Ergui o olhar, uma mulher me segurava e as outras garotas na sala se juntaram perante nós duas, de frente a mesa dos jurados.
- Você está bem? Ou cortou a língua na queda. - Foi uma pergunta retórica, encaminhada pela mulher velha que eu entreguei os papéis.

Encarei ela, as palavras recusaram a sair; meu estômago ficou frio. O homem sentado no meio na mesa, abanou a mão no ar. Exasperado ele disse:
- Ajudem ela a ir ao vestiário, vamos dar uma pausa.
- Que ultrajante... - Ouvi por final a mesma mulher dizer com sotaque londrino.

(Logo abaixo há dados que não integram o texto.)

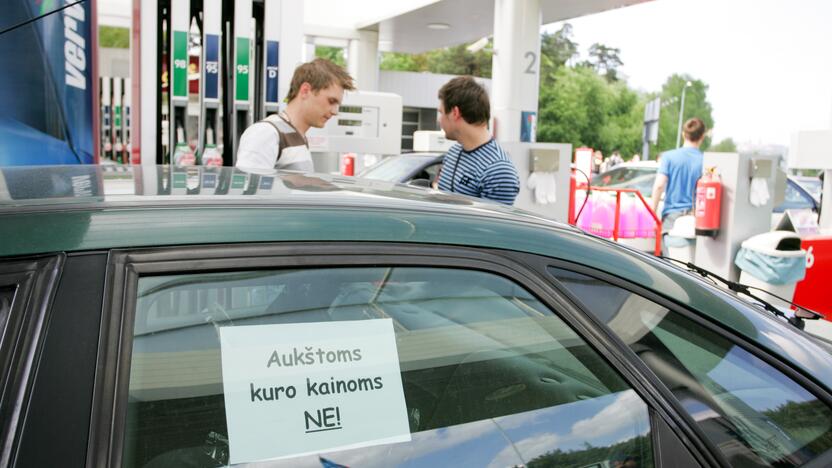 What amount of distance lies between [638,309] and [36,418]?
1.16 metres

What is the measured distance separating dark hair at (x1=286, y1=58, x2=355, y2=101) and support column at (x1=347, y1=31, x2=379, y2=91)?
1412 centimetres

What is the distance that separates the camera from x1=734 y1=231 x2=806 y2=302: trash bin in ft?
21.5

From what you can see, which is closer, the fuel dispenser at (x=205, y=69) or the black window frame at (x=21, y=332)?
the black window frame at (x=21, y=332)

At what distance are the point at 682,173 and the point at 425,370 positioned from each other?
→ 694cm

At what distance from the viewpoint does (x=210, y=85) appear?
4.71 metres

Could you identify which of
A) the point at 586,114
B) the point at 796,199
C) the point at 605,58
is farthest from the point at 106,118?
the point at 605,58

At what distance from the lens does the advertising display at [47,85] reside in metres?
3.62

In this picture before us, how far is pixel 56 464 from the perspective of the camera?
106cm

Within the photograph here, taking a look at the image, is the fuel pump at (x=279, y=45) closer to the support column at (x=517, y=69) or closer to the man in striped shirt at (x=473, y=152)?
the man in striped shirt at (x=473, y=152)

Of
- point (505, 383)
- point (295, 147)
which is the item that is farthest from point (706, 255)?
point (505, 383)

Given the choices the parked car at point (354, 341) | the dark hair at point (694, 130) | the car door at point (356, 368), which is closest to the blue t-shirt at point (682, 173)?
the dark hair at point (694, 130)

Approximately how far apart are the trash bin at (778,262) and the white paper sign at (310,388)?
5.85 meters

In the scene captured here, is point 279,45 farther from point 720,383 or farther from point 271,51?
point 720,383

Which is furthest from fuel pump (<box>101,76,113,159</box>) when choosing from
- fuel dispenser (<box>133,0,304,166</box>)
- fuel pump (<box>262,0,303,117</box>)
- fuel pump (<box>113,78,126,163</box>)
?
fuel pump (<box>262,0,303,117</box>)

Mais braços me seguraram, os dançarinos que se uniram a me ajudar me levaram com cuidado, eu mancando em um pé só, mordi o lábio antes de dizer:
- Agradecida, eu posso...

Parei de falar quando vi ele, agora eu tinha novamente a atenção dele seus olhos claros como um dia ensolarado me olhando, os braços cruzados mas a expressão em seu rosto era de uma curiosidade cautelosa, fui levada até o vestiário me sentei com ajuda nos bancos sem encosto de madeira como os das escolas nos vestiários e muitas das pessoas se dispensaram dali, ficando um grupo cada vez menor de pessoas.

A garota que me segurou agora ajoelhada no chão retirando o laço de minha sapatilha ela tirou pedaço da meia e da faixa. Pude perceber que ela tinha sardas espalhadas no rosto, seu rosto era robusto e quadrado.
- Obrigada, eu não suporto pensar sobre isso.
- Tudo bem. - Ela respondeu tirando a faixa, olhei o vestiário; só restavam algumas pessoas que logo foram expulsas quando um homem de terno e elegante entrou na sala abanando com os braços as pessoas da sala.

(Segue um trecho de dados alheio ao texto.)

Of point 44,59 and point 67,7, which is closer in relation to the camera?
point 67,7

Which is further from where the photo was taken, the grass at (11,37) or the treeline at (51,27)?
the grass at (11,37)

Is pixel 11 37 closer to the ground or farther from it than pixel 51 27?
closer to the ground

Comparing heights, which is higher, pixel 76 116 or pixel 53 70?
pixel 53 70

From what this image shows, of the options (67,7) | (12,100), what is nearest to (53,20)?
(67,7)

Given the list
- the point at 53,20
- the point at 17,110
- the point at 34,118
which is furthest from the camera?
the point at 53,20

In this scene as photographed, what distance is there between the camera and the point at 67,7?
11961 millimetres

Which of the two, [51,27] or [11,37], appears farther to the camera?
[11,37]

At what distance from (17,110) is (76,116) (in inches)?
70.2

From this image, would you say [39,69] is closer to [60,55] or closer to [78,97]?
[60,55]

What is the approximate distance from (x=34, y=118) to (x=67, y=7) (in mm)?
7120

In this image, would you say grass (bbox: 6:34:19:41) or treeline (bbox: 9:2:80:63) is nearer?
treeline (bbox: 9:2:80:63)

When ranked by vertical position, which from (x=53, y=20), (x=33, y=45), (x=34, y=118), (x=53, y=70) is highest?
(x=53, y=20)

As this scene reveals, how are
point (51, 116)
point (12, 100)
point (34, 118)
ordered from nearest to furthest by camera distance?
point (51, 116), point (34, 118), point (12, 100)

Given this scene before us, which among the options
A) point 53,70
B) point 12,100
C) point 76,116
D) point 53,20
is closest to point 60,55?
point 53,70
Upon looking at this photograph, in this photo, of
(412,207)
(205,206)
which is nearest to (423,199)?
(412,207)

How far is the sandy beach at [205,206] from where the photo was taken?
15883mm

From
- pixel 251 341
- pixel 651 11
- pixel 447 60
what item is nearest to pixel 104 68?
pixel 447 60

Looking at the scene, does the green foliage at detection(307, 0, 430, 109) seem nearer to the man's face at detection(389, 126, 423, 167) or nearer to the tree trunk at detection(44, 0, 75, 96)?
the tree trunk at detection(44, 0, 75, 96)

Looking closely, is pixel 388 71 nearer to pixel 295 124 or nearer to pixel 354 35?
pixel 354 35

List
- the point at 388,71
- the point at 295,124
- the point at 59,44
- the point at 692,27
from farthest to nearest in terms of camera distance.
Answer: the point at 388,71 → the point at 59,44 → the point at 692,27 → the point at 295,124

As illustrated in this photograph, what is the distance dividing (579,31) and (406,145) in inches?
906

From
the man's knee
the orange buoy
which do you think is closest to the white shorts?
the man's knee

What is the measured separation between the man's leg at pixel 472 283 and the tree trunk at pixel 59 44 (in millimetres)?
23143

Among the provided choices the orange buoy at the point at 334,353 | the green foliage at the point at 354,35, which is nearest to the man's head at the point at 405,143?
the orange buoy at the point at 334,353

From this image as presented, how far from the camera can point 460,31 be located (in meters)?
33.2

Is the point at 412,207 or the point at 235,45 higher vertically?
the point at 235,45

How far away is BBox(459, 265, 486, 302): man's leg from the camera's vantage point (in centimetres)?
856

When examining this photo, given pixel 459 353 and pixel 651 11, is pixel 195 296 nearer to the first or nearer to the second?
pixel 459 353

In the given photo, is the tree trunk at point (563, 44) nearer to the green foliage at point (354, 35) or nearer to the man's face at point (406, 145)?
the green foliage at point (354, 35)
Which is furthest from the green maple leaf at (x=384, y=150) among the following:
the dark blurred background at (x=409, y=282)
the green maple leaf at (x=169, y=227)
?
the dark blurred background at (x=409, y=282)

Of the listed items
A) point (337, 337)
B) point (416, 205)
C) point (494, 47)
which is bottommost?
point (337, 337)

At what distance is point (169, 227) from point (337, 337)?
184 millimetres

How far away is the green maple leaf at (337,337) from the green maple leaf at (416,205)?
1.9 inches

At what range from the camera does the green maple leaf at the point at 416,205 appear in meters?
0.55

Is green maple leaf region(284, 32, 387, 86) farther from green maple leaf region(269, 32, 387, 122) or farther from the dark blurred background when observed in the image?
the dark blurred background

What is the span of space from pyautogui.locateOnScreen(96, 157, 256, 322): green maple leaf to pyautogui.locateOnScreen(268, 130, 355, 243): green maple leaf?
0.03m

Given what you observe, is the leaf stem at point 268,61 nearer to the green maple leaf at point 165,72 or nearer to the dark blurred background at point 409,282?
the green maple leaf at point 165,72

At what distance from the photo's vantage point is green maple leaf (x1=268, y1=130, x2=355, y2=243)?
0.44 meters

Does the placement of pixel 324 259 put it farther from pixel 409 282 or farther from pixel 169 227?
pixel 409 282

Ele pôs as mãos na cintura e avaliou por cima do ombro da garota meu pé, ele fez uma expressão de empatia e ostentou as rugas da idade nos olhos e testa, após isso ele saiu da sala olhando para baixo mas logo ergueu o olhar.
- Foi tão ruim assim? - Perguntei.
- Não tá muito ruim, foi só uma torcida. Uma compressa e gelo pode resolver.
- Eu falo da apresentação.
- Oh. - Ela exclamou ainda olhando para baixo, e deixando com um movimento a sapatilha no chão e me encarou ao proferir. - Isso é incomum, não posso mentir não é sempre que isso acontece.
- Sempre? Você está aqui a quanto tempo? - Eu disse engasgada, recuperando a realidade.
- Dois anos, fui chamada para essa apresentação.